Copy out nothing but the lines from the one holding "Citroen C3 Injecteur de carburant 9645988580" through the end of the entries below, exactly as written and without the pictures.

======== Information supplied ========

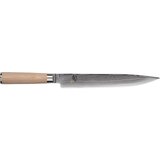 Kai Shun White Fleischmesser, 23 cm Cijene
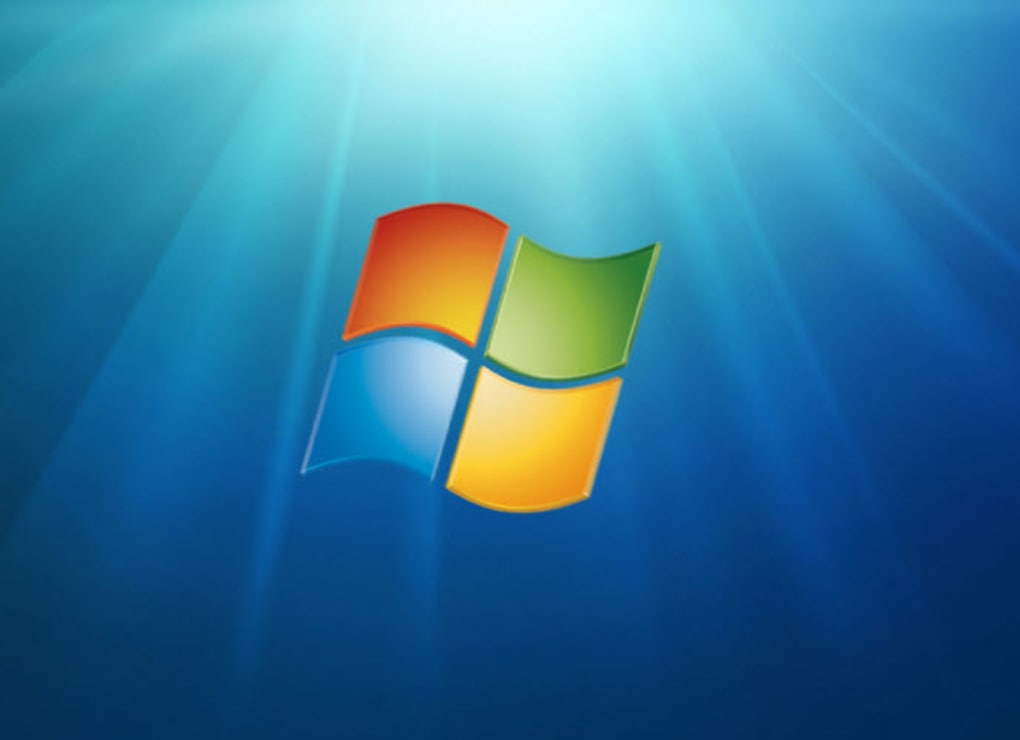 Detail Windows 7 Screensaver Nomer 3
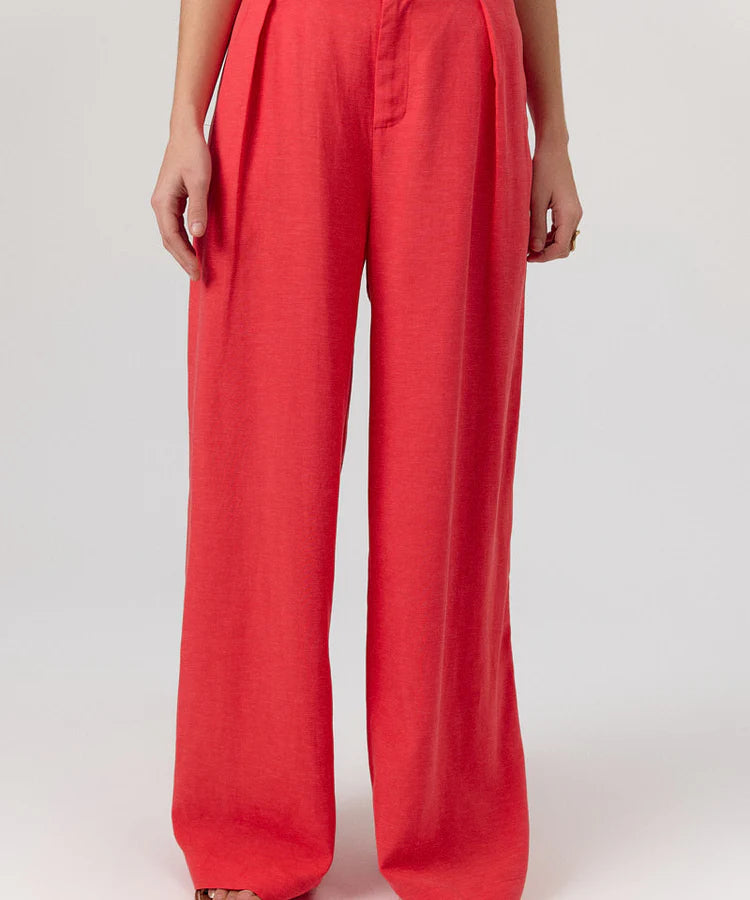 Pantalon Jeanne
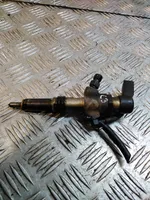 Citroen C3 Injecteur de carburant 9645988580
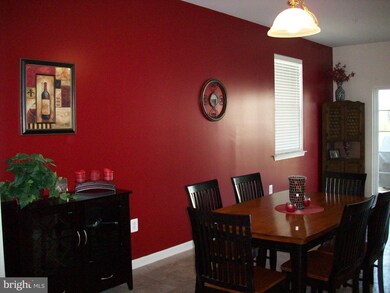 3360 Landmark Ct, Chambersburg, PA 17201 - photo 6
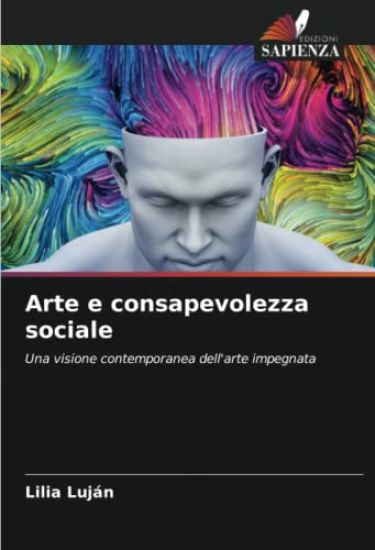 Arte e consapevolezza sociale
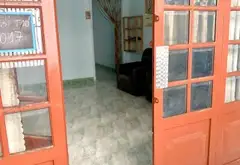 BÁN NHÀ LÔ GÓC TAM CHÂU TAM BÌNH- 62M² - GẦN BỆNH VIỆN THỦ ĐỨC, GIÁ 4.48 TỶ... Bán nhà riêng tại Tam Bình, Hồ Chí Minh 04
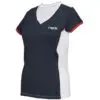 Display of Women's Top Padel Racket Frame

========

### Answer section
 Citroen C3 Injecteur de carburant 9645988580
 3360 Landmark Ct, Chambersburg, PA 17201 - photo 6
 Arte e consapevolezza sociale
 BÁN NHÀ LÔ GÓC TAM CHÂU TAM BÌNH- 62M² - GẦN BỆNH VIỆN THỦ ĐỨC, GIÁ 4.48 TỶ... Bán nhà riêng tại Tam Bình, Hồ Chí Minh 04
 Display of Women's Top Padel Racket Frame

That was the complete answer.